The new building, which will rent for $32 to $34 per square foot, should be up and running by November 2016. Bissell doesn’t disclose its investment in the new building, but its 7-year-old Harris Building in Ballantyne, which is about the same size, has a tax value of $35.3 million, according to Mecklenburg County property records.
CHARLOTTE — Coca-Cola Bottling Co. Consolidated will buy plants in Indiana, Maryland, Ohio and Virginia as part of Atlanta-based Coca-Cola’s sale of nine plants to three independent bottlers for a combined $380 million. Coke Consolidated is the soda company’s largest independent bottler.
CHARLOTTE — SPX completed the spinoff of its flow-products business, which makes pumps, valves and filtration systems. Gene Lowe was named president and CEO of SPX FLOW. He had led the thermal equipment and services units. Both companies are based here. Annual revenue is an estimated $2.5 billion for SPX FLOW and $2 billion for SPX.
CHARLOTTE — Park Sterling, holding company for Park Sterling Bank, will acquire Glen Allen, Va.-based First Capital Bancorp in a deal valued at about $82.5 million.
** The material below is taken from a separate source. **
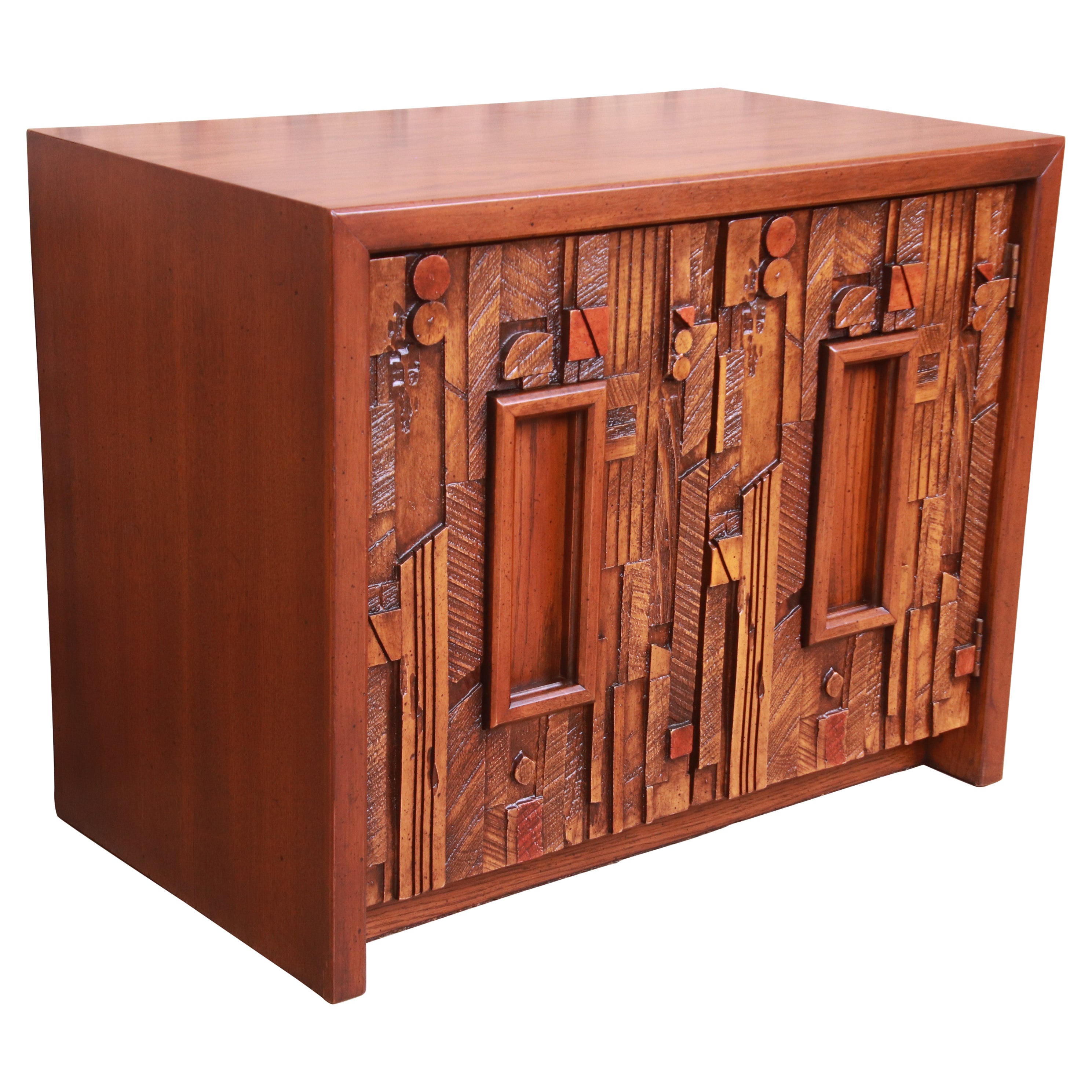 Lane Pueblo Brutalist Mid-Century Modern Oak Nightstand, 1970s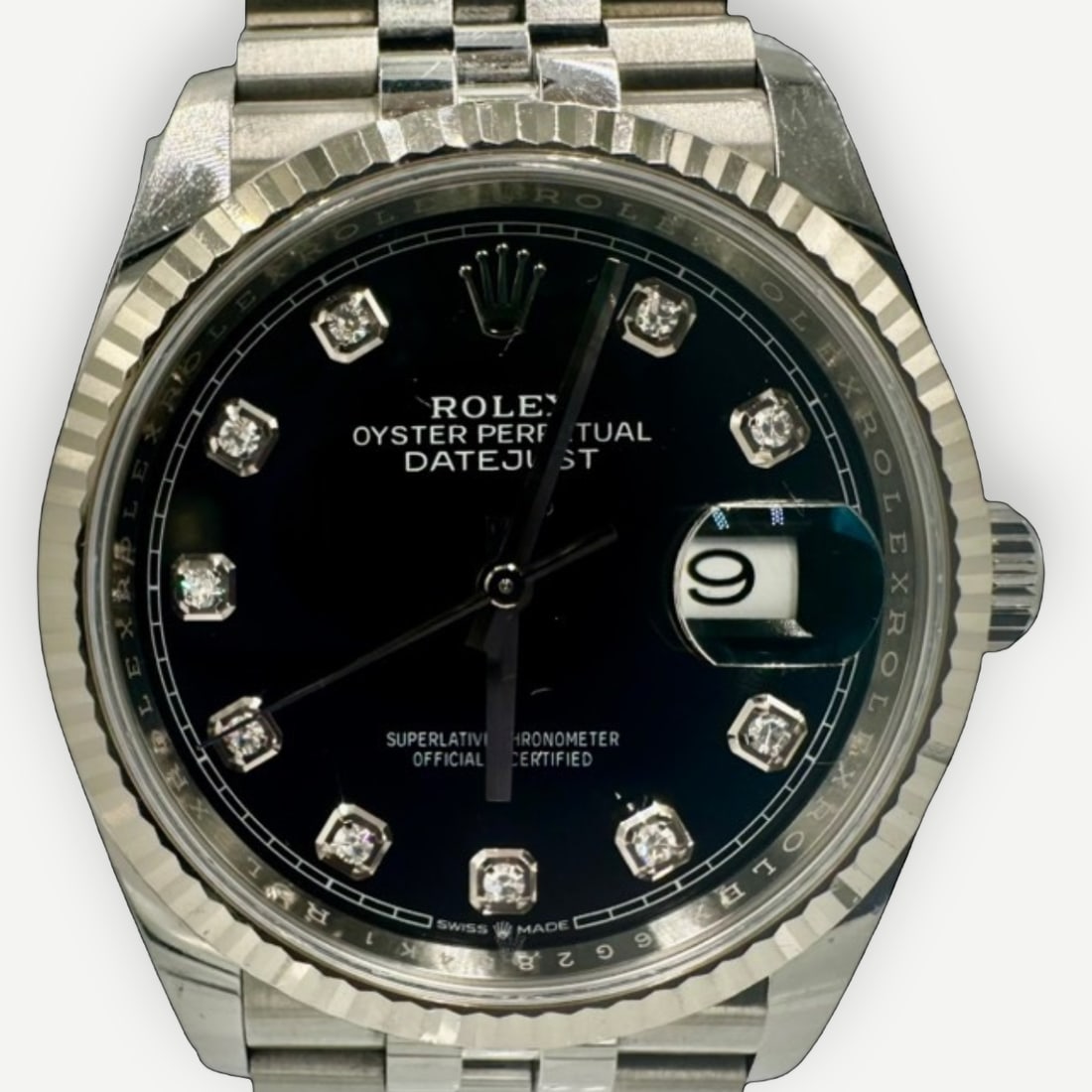 ROLEX Datejust 36, Black Diamond Dial, Ref. 126234, White Rolesor, 2019, Full Set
Based here, Park Sterling has about $2.4 billion in assets and 52 branches. First Capital had about $617 million in assets as of June 30 and operates eight branches in the Richmond, Va. area.
CHARLOTTE — Richard “Stick” Williams, 62, will retire at year-end as president of the Duke Energy Foundation and vice president of corporate community affairs of Duke Energy. Shawn Heath, vice president of sustainability, will replace him. Also, Duke agreed to pay $7 million to resolve groundwater violations at 14 North Carolina coal-ash ponds. The N.C. Department of Environmental Quality had sought a $25.1 million fine.